── Entries shown ──

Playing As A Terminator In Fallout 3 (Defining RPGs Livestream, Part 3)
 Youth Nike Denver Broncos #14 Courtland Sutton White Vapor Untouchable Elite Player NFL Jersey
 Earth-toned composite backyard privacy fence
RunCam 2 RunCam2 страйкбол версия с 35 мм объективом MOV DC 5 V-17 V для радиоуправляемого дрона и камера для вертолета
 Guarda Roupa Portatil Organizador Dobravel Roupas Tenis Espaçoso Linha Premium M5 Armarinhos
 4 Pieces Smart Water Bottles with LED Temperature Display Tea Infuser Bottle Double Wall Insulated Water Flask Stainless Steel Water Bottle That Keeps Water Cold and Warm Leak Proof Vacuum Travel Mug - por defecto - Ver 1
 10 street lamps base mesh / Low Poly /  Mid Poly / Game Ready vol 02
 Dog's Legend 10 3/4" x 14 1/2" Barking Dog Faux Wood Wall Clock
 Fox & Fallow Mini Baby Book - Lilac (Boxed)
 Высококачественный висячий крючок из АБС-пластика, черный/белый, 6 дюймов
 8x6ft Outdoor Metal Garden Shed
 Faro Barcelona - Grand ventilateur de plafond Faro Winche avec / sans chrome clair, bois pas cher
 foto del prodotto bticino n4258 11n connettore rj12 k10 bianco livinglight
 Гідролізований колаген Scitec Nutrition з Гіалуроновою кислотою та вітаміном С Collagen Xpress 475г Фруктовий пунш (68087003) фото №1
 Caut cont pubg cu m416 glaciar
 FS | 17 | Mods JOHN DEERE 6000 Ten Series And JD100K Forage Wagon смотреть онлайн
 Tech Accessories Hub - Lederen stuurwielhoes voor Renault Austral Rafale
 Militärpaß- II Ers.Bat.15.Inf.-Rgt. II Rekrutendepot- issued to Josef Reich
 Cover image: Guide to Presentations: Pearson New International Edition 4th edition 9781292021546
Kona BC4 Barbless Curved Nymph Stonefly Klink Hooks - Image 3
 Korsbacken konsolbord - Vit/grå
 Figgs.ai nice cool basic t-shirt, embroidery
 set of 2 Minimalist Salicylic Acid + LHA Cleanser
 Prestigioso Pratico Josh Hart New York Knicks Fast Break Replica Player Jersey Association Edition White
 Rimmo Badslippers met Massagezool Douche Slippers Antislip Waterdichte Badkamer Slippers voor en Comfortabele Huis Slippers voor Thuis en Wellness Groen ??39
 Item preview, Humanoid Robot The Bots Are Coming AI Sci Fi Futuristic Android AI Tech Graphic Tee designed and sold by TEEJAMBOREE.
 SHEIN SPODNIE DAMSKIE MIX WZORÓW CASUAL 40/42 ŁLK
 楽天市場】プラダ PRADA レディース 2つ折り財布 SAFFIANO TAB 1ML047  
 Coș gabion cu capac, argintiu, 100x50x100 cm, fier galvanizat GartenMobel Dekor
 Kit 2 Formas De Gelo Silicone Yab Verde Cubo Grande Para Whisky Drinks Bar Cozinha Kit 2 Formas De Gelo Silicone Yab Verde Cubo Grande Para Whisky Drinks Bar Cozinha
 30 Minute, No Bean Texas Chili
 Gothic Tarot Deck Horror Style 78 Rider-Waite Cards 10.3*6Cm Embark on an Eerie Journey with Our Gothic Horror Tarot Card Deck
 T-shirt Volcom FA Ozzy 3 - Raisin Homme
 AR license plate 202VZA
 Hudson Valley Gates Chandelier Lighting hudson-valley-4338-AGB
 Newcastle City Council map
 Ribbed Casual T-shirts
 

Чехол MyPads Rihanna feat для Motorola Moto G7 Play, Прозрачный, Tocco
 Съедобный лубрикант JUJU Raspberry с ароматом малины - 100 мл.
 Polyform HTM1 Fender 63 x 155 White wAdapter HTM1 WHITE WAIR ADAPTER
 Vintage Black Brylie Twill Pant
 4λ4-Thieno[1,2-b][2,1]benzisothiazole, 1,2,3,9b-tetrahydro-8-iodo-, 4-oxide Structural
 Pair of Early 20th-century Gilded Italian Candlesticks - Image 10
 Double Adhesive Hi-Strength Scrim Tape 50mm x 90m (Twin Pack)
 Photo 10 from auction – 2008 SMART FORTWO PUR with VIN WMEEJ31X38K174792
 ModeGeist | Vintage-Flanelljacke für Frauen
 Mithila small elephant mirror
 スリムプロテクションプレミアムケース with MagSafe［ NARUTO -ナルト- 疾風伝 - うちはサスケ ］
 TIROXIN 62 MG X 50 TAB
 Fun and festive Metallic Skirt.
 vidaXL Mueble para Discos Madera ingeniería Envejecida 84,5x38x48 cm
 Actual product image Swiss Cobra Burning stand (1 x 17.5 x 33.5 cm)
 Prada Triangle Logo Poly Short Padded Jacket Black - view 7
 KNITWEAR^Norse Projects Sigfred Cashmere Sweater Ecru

───

If a line in the entries above includes "Jersey", count it; report the total alone.

**Solution to the problem**: 2